The Riots
A few days before the scheduled exams, several thousand of Abkhaz organized a mass anti-Georgian rally in Sukhumi. On July 12, 1989, the Aydgylara activists led the demonstrators, including armed groups, into the attack on the building of the local Georgian-language newspaper, forcing it to shut down. Soon, the school building which was expected to house the Georgian university was also surrounded by the crowd. The local militsiya (police) officials ignored calls from desperate employees from the besieged building and replaced, early on July 15, policemen of Georgian nationality guarding the university with Abkhaz officers. The same day, a small police unit sent to Sukhumi from Tbilisi to help restore order was disarmed by the Abkhaz militia without any hindrance from the local police. Meanwhile, Georgians gathered into a counter-rally to prevent the Abkhaz from disrupting the university.
While the reports are conflicting on which group first resorted to violence, with both sides blaming each other of starting fighting, the ensuing events would quickly degenerate into an open inter-ethnic warfare and eventually into the War in Abkhazia. Georgians reported that a group of armed Abkhaz opened fire on the Georgian demonstration in Rustaveli Park, while Abkhaz claimed that they engaged in fighting after an Abkhaz photographer was beaten by Georgians while trying to penetrate the university building. Either way, on late July 16, a crowd of five thousand Abkhaz, many of whom were armed, surged into the building. Several members of the Georgian exam commission were beaten up, and the school was looted.
This set off a chain of events that produced further casualties and destruction as the both sides engaged in armed fighting for several days to come. That evening, Abkhaz and Georgians began mobilizing all over Abkhazia and western Georgia. The Kodori Svans, ethnic Georgian subgroup from northeastern Abkhazia, and Abkhaz from the town of Tkvarcheli clashed in a shooting spree that lasted all night and intermittently for several days afterward. Meanwhile 30,000 Georgians from western Georgia, particularly from Mingrelia, and the predominantly Georgian Gali district in southern Abkhazia, began marching toward Sukhumi, led by the eminent Soviet-era dissident Merab Kostava. The authorities reported that the Abkhaz crowds attacked police posts to get access to weapons, but evidence suggests that official sympathy prevented the local law enforcement agencies from offering resistance to the "attackers". Moreover, a local procurator in Ochamchire ordered the return of Abkhaz hunting weapons. Hence, the Abkhaz armed groups were able to organize picket and block the Georgian marchers (some of whom were armed as well) at a bridge outside the ethnically mixed town of Ochamchire. Kostava stopped the march, averting more bloodshed, and soon the Soviet Interior troops were invoked to reestablish order.

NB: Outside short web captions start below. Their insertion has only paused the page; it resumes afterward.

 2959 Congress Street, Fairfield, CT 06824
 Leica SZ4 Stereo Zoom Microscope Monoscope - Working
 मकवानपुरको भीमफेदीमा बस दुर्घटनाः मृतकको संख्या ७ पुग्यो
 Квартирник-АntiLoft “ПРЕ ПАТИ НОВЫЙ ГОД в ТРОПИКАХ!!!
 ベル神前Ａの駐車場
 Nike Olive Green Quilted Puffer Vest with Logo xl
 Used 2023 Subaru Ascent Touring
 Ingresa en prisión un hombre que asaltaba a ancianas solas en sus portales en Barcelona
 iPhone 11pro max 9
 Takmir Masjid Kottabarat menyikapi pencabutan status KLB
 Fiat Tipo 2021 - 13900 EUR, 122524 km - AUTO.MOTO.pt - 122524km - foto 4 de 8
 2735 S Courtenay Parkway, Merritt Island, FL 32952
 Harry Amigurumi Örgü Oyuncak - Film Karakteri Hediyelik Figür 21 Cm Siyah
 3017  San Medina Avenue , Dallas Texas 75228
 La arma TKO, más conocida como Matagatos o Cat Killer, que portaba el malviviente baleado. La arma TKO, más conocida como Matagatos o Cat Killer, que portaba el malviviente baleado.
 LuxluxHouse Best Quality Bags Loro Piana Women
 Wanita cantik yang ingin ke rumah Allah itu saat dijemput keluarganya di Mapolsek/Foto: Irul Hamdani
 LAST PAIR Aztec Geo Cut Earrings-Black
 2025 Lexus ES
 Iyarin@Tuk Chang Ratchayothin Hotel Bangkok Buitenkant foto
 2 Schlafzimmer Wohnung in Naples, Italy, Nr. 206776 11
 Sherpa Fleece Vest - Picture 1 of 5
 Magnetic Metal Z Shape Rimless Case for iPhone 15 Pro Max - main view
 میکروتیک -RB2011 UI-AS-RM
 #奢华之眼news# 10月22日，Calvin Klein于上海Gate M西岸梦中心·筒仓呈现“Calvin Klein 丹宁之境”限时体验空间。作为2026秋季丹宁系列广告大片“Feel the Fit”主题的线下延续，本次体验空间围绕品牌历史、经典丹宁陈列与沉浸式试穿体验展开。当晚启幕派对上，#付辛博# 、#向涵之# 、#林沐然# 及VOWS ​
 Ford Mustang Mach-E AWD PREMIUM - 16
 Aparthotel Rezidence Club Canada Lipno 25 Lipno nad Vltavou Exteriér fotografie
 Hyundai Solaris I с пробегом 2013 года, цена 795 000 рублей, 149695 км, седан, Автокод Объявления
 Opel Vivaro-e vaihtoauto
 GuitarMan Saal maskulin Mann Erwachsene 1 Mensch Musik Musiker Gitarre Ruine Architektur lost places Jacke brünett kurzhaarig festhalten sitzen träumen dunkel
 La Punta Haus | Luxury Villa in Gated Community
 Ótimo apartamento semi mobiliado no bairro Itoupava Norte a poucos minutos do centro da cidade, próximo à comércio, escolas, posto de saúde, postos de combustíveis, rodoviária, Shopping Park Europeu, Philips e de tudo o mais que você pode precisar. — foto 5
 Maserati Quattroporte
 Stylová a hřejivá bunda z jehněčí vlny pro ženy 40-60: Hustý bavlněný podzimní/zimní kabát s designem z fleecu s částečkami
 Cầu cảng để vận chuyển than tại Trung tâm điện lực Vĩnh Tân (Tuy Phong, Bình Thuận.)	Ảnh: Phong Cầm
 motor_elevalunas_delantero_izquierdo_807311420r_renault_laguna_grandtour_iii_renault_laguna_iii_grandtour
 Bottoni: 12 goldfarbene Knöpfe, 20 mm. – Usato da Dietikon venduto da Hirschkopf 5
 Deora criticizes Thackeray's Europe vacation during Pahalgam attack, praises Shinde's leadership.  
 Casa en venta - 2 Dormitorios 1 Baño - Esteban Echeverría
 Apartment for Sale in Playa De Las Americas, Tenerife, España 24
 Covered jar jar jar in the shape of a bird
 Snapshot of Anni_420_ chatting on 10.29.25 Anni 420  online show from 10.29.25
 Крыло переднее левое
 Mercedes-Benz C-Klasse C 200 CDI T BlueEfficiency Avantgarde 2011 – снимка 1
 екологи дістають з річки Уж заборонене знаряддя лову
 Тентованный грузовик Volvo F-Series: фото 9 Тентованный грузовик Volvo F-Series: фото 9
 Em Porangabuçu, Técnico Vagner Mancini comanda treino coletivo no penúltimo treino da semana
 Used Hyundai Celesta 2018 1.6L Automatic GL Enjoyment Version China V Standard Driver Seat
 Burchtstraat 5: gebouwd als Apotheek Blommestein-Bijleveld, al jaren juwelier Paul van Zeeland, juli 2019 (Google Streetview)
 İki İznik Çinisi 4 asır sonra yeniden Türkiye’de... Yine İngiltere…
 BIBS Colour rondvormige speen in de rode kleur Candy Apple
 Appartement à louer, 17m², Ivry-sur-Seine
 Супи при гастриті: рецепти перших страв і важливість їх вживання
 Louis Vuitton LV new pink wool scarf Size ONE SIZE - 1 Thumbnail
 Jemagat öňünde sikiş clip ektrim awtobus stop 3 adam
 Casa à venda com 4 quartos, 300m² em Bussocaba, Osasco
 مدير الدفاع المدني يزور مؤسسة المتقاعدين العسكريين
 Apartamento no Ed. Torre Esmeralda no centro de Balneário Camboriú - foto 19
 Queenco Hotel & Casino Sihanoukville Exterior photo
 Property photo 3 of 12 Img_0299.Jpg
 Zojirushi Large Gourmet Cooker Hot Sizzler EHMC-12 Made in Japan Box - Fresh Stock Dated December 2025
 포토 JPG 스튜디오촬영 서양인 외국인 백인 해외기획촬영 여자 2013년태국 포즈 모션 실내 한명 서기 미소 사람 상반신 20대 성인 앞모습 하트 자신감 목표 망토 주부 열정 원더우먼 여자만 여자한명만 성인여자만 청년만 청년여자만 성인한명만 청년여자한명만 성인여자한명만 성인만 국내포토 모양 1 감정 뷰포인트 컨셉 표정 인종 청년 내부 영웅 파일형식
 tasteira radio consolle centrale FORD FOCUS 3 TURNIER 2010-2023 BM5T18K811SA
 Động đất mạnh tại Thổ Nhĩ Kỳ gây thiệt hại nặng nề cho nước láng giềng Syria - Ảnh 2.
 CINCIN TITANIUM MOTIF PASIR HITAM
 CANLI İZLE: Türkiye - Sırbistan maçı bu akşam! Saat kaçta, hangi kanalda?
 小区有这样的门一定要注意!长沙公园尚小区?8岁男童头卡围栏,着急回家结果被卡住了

The July events in Abkhazia left at least eighteen dead and 448 injured, of whom, according to official accounts, 302 were Georgians. Although a continuous presence of the Interior Ministry troops maintained a precarious peace in the region, outburst of violence did occur, and the Soviet government made no progress toward solving any of the interethnic problems. The Georgians suspected the attack on their university was intentionally staged by the Abkhaz secessionists in order to provoke a large-scale violence that would prompt Moscow to declare a martial law in the region, thus depriving the government in Tbilisi of any control over the autonomous structures in Abkhazia. At the same time, they accused the Soviet government of manipulating ethnic issues to curb Georgia's otherwise irrepressible independence movement. On the other hand, the Abkhaz claimed that the new university was an instrument in the hands of Georgians to reinforce their cultural dominance in the region, and continued to demand that the investigation of the July events be turned over to Moscow and that no branch of Tbilisi State University be opened in Sukhumi.
However, as neither side felt strong enough to force the issue militarily at that time, the Georgian-Abkhaz antagonism had largely been relegated to the legislatures by July 1990, making Abkhazia a field of "war of laws" until the armed hostilities broke out in August 1992.